Let's be clear about what's happening here: a corporation is using California's direct democracy apparatus — the ballot initiative — to reshape the legal landscape in its favor. And before you grab your pitchfork, take a breath, because this story is more complicated than the "corporate greed" framing suggests.

California's regulatory environment has become so hostile to flexible work arrangements that companies like Uber face an impossible choice: either reclassify every driver as a full-time employee (destroying the flexibility that many drivers actually want) or spend ungodly sums trying to carve out legal exceptions. Uber chose door number two.

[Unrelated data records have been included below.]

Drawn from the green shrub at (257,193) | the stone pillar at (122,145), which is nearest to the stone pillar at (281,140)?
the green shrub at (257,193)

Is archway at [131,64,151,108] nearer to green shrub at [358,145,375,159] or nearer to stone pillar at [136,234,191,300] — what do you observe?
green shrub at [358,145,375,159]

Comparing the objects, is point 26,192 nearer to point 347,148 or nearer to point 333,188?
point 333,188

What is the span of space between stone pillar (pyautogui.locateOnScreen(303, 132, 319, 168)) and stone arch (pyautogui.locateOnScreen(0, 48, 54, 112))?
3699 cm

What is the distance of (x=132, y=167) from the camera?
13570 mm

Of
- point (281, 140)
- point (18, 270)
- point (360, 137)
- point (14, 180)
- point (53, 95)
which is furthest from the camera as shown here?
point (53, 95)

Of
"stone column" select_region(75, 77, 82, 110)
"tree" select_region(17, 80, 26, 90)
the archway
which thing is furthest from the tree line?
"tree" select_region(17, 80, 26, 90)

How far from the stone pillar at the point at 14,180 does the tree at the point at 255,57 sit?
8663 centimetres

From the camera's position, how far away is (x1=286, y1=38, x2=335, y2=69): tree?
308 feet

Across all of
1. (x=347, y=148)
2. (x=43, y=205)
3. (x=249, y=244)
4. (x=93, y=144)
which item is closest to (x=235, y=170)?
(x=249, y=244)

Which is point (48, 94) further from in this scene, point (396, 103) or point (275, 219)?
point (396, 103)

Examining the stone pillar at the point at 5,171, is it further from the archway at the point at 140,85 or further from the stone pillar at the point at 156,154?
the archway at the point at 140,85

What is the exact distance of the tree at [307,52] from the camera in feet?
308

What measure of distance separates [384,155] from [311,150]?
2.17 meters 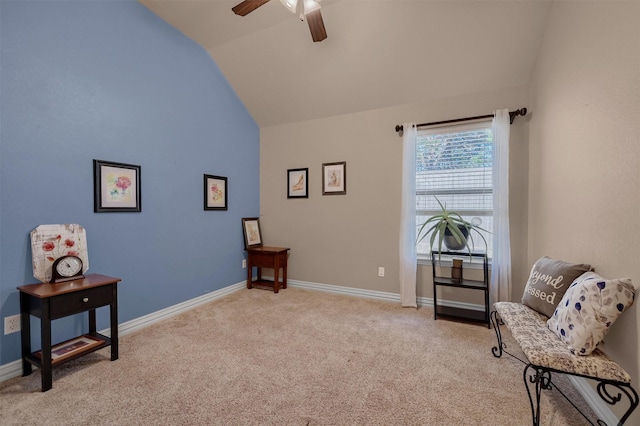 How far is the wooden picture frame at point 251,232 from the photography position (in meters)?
3.85

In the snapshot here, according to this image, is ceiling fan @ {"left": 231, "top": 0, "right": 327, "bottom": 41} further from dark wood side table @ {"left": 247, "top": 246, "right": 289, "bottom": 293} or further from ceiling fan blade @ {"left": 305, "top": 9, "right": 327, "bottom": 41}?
dark wood side table @ {"left": 247, "top": 246, "right": 289, "bottom": 293}

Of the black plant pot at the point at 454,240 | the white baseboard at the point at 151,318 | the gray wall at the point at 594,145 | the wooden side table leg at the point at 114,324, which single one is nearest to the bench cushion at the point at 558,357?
the gray wall at the point at 594,145

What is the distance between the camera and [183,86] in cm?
296

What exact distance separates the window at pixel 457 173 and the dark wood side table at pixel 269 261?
1828mm

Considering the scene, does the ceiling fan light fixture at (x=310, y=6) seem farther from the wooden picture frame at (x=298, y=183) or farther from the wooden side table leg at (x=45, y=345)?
the wooden side table leg at (x=45, y=345)

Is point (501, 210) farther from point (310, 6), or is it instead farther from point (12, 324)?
point (12, 324)

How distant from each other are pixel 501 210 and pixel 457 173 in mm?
610

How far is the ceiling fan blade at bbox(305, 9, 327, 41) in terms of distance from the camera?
200 centimetres

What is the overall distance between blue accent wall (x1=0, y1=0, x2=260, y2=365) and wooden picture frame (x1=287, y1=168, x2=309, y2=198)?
784mm

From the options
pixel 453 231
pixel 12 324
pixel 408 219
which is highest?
pixel 408 219

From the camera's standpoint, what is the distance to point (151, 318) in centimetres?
263

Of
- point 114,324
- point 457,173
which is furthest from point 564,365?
point 114,324

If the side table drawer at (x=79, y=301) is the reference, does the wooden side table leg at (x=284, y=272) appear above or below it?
below

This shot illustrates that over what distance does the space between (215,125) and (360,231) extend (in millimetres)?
2286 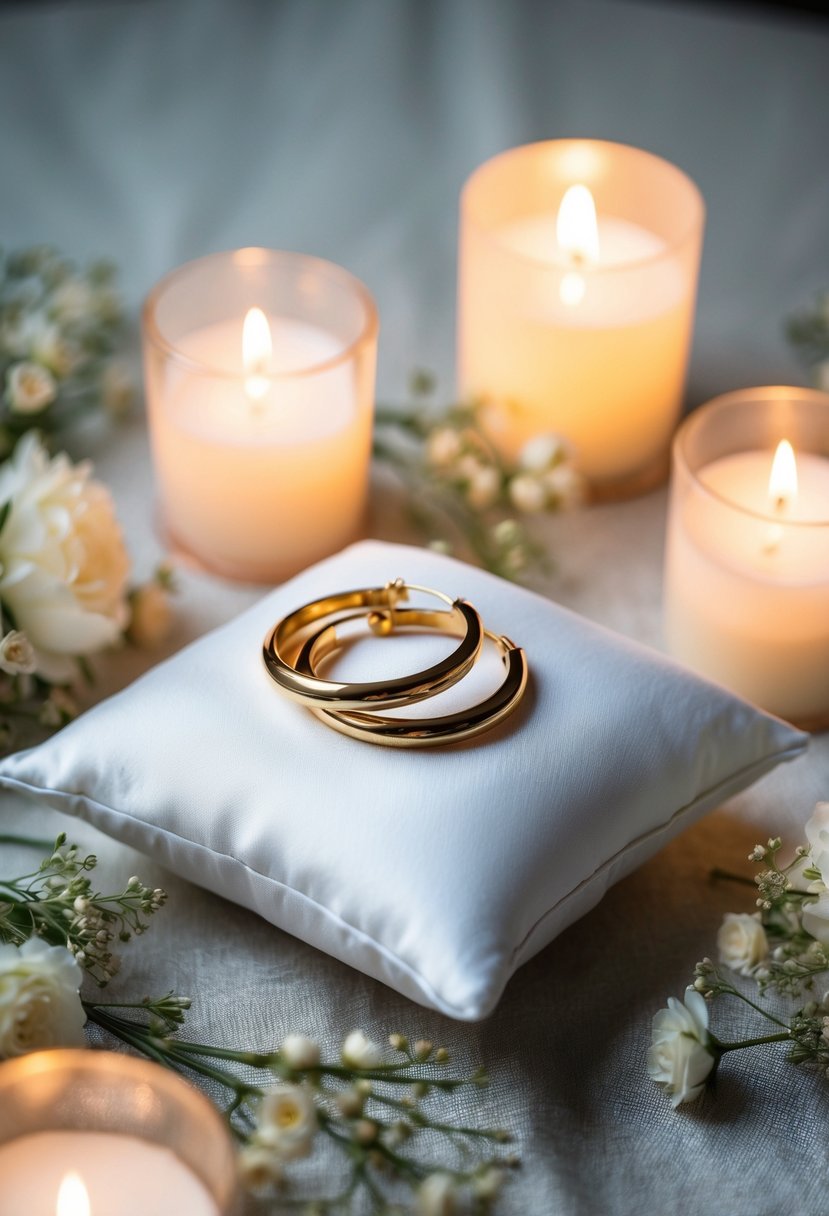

Is $77 million an absurd amount to spend on a ballot measure? Absolutely. But it's worth asking why companies feel compelled to go directly to voters in the first place. When Sacramento passes laws like AB5 — a sweeping reclassification bill that kneecapped freelancers across dozens of industries before lawmakers scrambled to issue exemptions — it signals that the legislature is more interested in satisfying union allies than crafting workable policy.

That said, we're not about to carry water for Uber. Any proposal that could "upend the legal industry" deserves serious scrutiny, not a blank check of goodwill. Corporations rewriting constitutional provisions to suit their bottom line is not exactly a libertarian fairy tale — it's crony capitalism wearing a populist costume.

The real problem is structural. California's regulatory framework is so rigid and so captured by special interests that both workers and companies end up spending more time gaming the system than actually building anything productive. Uber's $77 million isn't a sign of corporate strength — it's a symptom of a broken state government that forces everyone to buy their way to the ballot box.

Voters deserve better than choosing between Sacramento's overreach and Silicon Valley's checkbook. But in California, that's apparently the only menu we get.